Social cognitive theory helped explain the relationship between various behaviors, environmental, and personal factors. In addition, perceived social support and use of self-regulatory behaviors were strong predictors of nutritional and physical activity behavior [9,23]. Self-efficacy was a good predictor of healthier levels of physical activity but not of fruits and vegetables [24]. The data suggest that obese women have low self-efficacy since that have significant negative results for physical activity but not fruits and vegetables.
The limitations of this study should be considered when interpretation of the cross-sectional study precludes conclusions about the causal and temporal nature of associations. The reliance on selfreport data may have resulted in bias. The variables that were examined were based on results from the literature and theoretical framework. Also, data collection was limited to one geographic region. However, we have no reason to believe that women in other largely rural areas would be significantly different with respect to overall health status and health risks. The use of BMI also has its limitations because it does not distinguish between muscle and fat weight and is height dependent. Future work needs to focus on attitude change procedure within the context of physical activity and diet.

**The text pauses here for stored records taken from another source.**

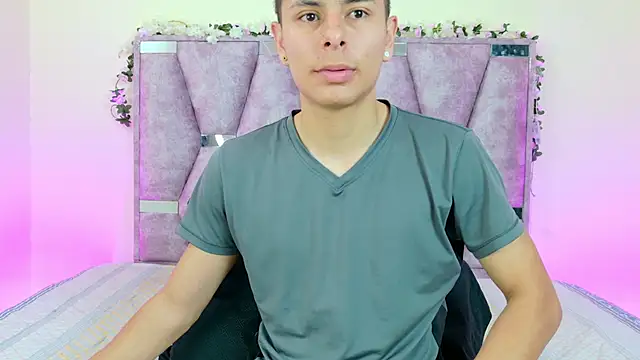 lana and liam  online show from December 18, 2025, 9:26 am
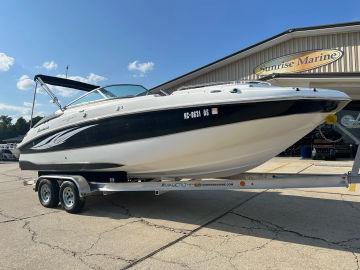 2011 HURRICANE SUNDECK 2400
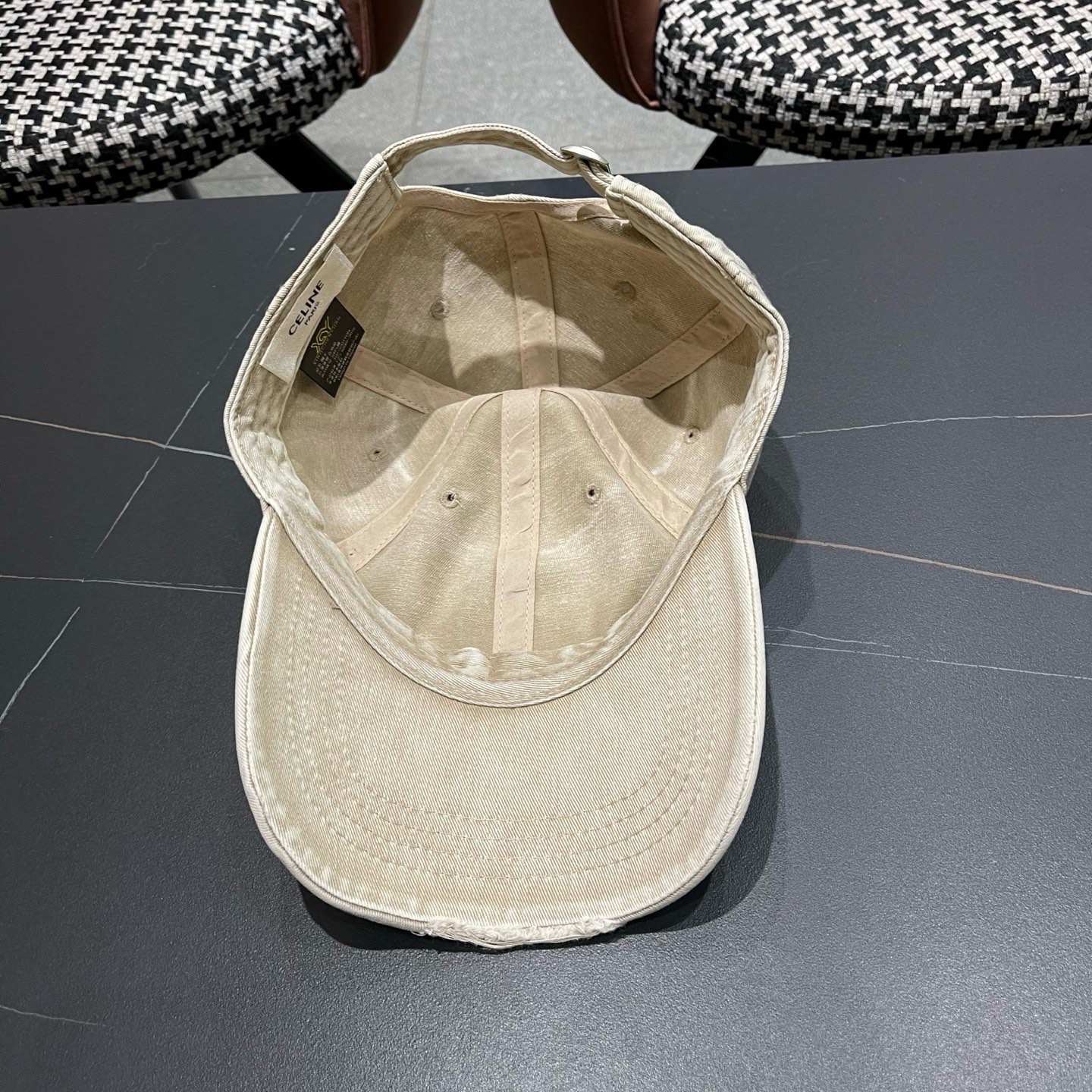 【CELINE赛琳】新款经典休闲潮流款 棒球帽🧢日韩风格，随便搭配都超好看！出门旅游，绝对要入手的一款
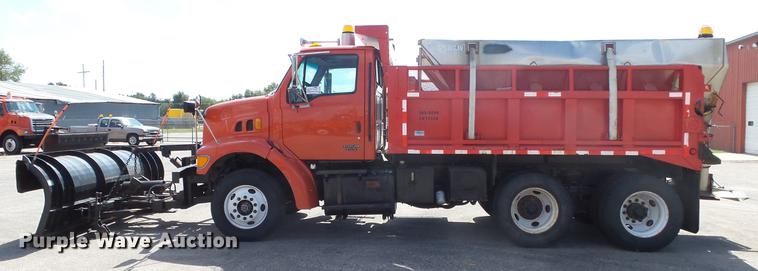image for item DE7260 2001 Sterling LT7501 dump truck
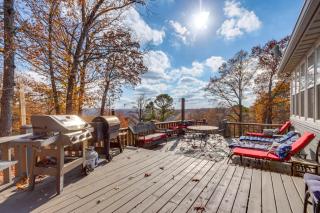 Surrounding Lake Views! Eureka Springs Home - 7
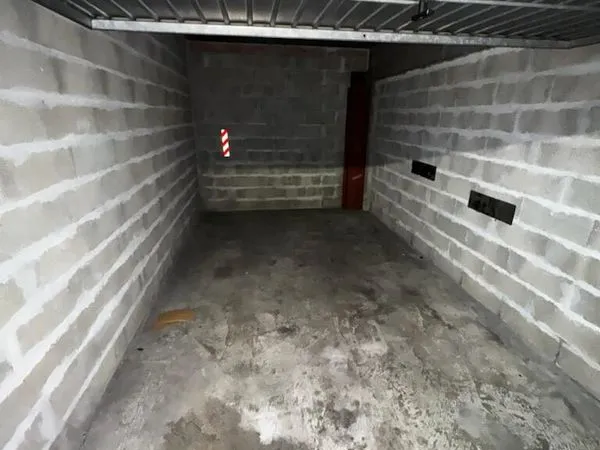 Garage fermé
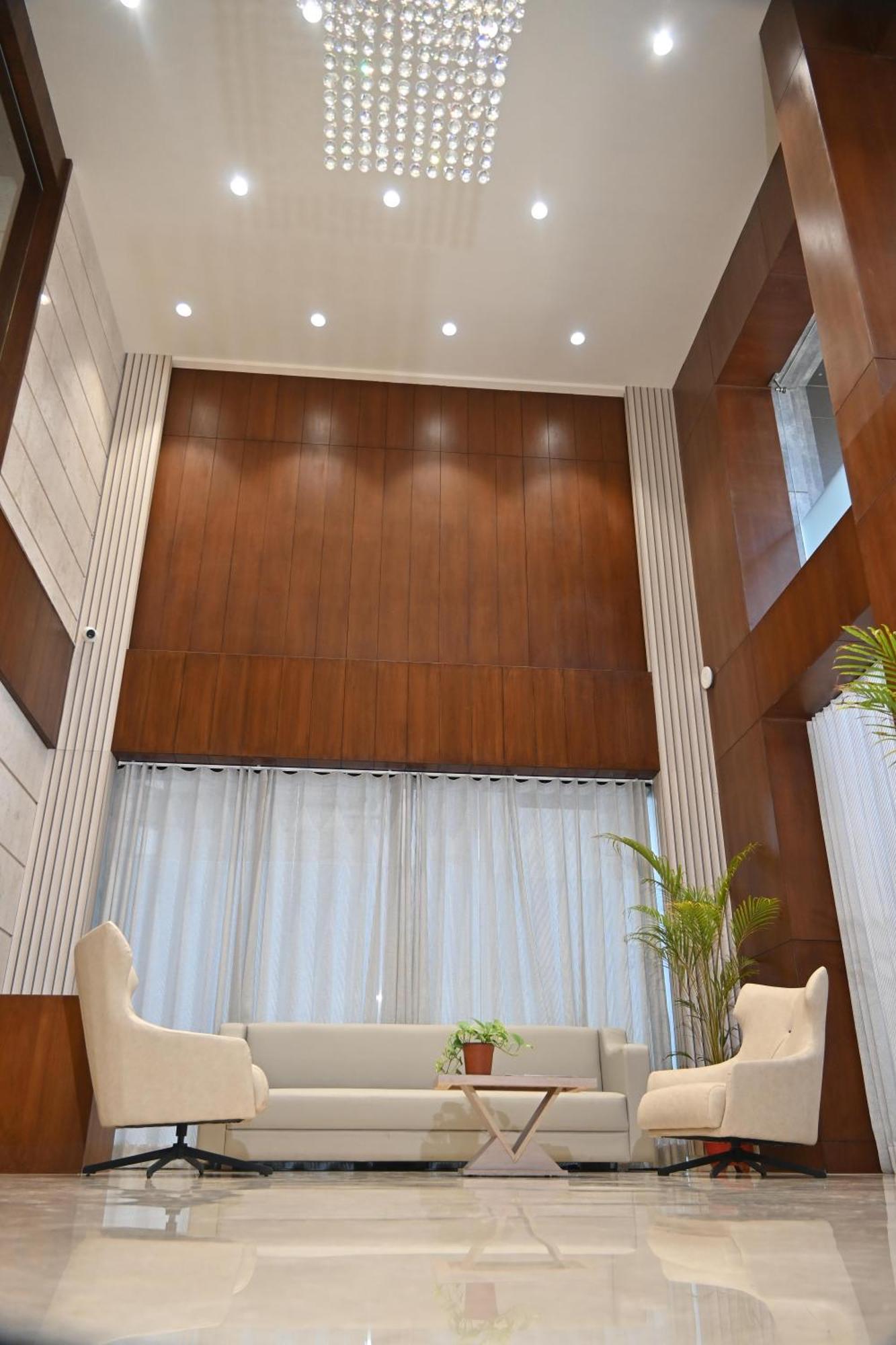 Pam Premium Hotel Vadodara Eksteriør billede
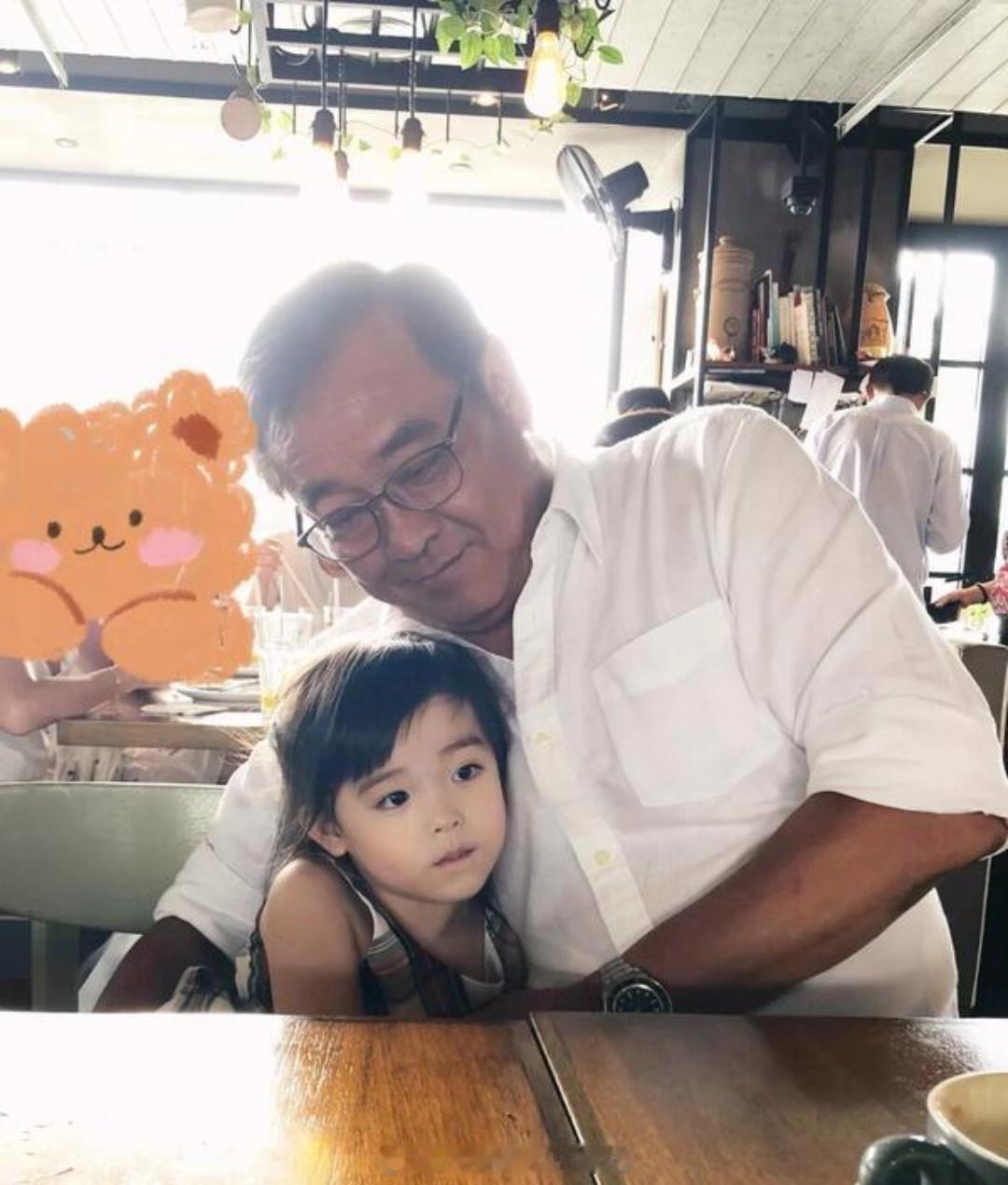 终于理解了老来得子的喜悦。看尔冬升导演的眼神，满眼都是宠溺和幸福。在片场的时候，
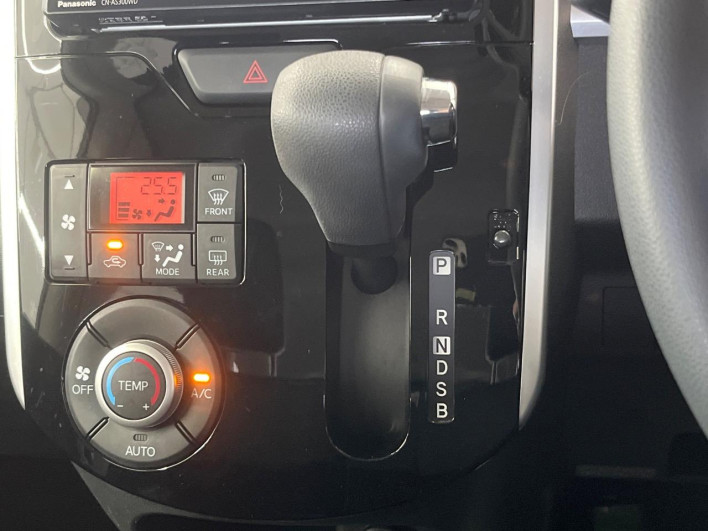 2016 Daihatsu Tanto DBA-LA600S (UW-6a17b242a961f)[19]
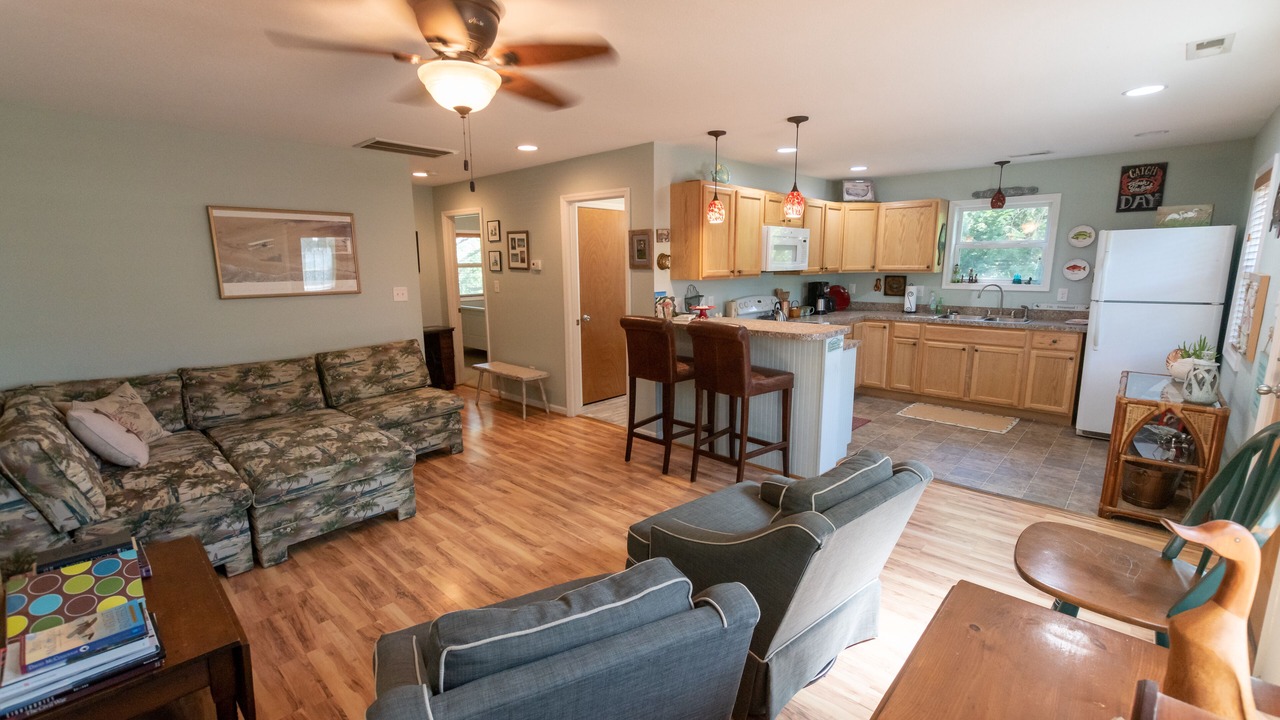 Photo of Livingroom in Kill Devil Hills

Some of the strengths of this study are that it comprised of a large population-based study of women in a rural area, an important target group for obesity health promotion interventions. Strength was that obesity in reproductive-age women is associated with a variety of different environmental and health-related factors. These include rurality, poverty, and getting the recommended amount of sleep of 7 to 8 hours daily. It also supports previous findings of an association between pre-pregnancy obesity and adverse pregnancy outcomes [15]. This forms a basis of an outcome of interest for a prospective clinical trial on women. The future study will look at outcomes including: infertility, pregnancy complications, gestational diabetes, cardiovascular disease, preeclampsia, fetal large gestational size, and morbid postpartum outcomes [25-27].
Conclusion
This study demonstrated that obesity is an epidemic affecting women of child bearing years. The survey dataset provides a unique regional dataset that combines multidimensional health information on obesity with reproductive outcomes, allowing classification with health correlates. The range of variables measured in the survey is not generally available in ongoing state or national surveys and is not captured in health surveillance. The data presented here provide a profile of the health status and health risks of women of reproductive age in a defined population, which is a representative sample of the Pennsylvania population. In addition, the data provide insights to guide interventions and policies to improve the health of women.
Acknowledgements
Our late colleague, Gary A. Chase, PhD, is gratefully acknowledged for his role in conceiving the idea for this manuscript as the first author’s faculty advisor. This project is funded, in part, under grant number 4100020719 with the Pennsylvania Department of Health. The Department specifically disclaims responsibility for any analyses, interpretations, or conclusions.